Born in Kansas City, Mo., on Jan. 23, 1916, Duncan started taking pictures for newspapers in the 1930s; joined the U.S. Marines after Pearl Harbor; made some of the most indelible photos to come out of World War II and, 20 years later, Vietnam; documented civil strife and wars in Europe, Africa, Asia and the Middle East; captured ineffable beauty in environments as disparate as the west of Ireland and the deserts of America’s Southwest; befriended and photographed the likes of Picasso and Cartier-Bresson; and produced the single greatest portfolio of pictures to emerge from the Korean War.
Here, LIFE.com presents a gallery of his celebrated pictures from America’s “Forgotten War.”
LIFE.com spoke with Duncan himself from his home in the south of France about his memories of the conflict — and his hope, in the end, that he might “show something of what a man endures when his country decides to go to war.”
For instance, of his photograph (the first image in this gallery) of a Marine captain near the Naktong River after an attack by North Korean troops — as ammunition ran dangerously low and reinforcements were nowhere in sight — Duncan wrote in his classic 1951 book, This Is War!: “Ike Fenton, drenched and with the rain running in little droplets from his bearded chin, got the news. His tattered Baker Company Marines had only those few rounds in their belts remaining. If the Reds were to launch one more attack they would have to be stopped with bayonets and rifle butts.”
But that attack never came. The Marines held the muddy, blasted, blood-drenched hill. “Radio communication was knocked out by the rain that day,” Duncan told LIFE.com, the recollection still obviously vivid more than six decades later, “and Fenton had to shout most of his orders and sent runners when shouting wouldn’t do. God, he was a cool one. He never lost his head.”
Other pictures bring back equally visceral memories, and Duncan recounts the circumstances around the making of some of his classic photos in a voice that’s at-once firm and touched with something like wonder — wonder at the immediacy of his own recall; at the horrors and heroism he witnessed; at the fact that he was there, in the midst of it, recording it all.

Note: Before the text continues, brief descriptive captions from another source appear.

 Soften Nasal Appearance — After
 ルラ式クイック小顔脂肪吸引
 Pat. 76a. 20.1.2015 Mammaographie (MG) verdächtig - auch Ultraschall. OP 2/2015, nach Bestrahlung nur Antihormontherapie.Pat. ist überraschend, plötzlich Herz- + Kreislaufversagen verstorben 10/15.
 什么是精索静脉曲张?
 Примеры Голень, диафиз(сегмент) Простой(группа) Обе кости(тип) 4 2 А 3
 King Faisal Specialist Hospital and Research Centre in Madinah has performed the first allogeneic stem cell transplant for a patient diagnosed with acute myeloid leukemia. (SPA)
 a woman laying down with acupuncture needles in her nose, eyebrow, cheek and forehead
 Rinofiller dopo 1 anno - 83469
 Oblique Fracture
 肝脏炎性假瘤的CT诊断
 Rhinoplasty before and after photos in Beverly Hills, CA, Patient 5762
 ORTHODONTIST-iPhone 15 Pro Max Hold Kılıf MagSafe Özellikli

“I cabled LIFE’s editors in August [1950] from Tokyo,” Duncan says, “and I told them I was heading back to Korea to try and get what I called ‘a wordless story’ that conveyed the message, simply, ‘This is war.’ Not long after that I was covering the fighting near the Naktong River, and I made the picture [the second photo in this gallery] of Marines running past a dead enemy soldier, their fatigues absolutely soaked to the chest with mud and muck and god knows what else. And this ended up as the cover image for the book, This Is War!, when it came out a year later.”
From the hellish heat of summer to the arctic freeze of winter, Duncan traveled with Marines, documenting the grinding, torturous lives they led — and that troops everywhere have always led — in war zones the world over.
“It was forty below zero during the retreat from Chosin Reservoir,” Duncan recalls of one especially appalling battle in the winter of 1950. “And the wind chill! The wind was barreling down from Manchuria and must have made it closer to fifty or sixty degrees below zero. It was so damn cold that my film was brittle — it just snapped, like a pretzel. But I managed to unload and load the camera under my gear and get some film in there, and I got some usable shots.” (See especially images 6, 7 and 8 in this gallery.)
The two-week battle at Chosin, while ending with 30,000 United Nations troops fleeing from at least 60,000 Chinese soldiers that surrounded them, is seen as a decisive battle for one primary reason: it showed that outnumbered allied forces could battle through encircling enemy lines, while at the same time inflicting heavy casualties.
While recalling the unspeakable violence and gnawing deprivation (no warmth in winter, no relief from the heat in summer, hunger all the time) of those years, Duncan makes a point of praising the Americans’ South Korean allies.
“The thing that comes to mind right away, right now, when looking at these pictures again,” Duncan says, “is that at no time — at no time — did any Marine feel he had to look around to see what the South Koreans were doing behind him. The Marines in Korea never feared ‘friendly fire’ or artillery coming from the South Koreans — from their allies — like they did later in Vietnam, fighting with the South Vietnamese. The Koreans could be trusted.”
The Korean War lasted for roughly three years, from June 25, 1950 — when North Korea invaded the South — until July 27, 1953, when the United Nations Command, the North Korean People’s Army and the Chinese People’s Volunteers signed an armistice agreement. However, the South Korean president, Syngman Rhee, refused to sign the document — meaning that, technically, North and South Korea have been at war for the past six decades.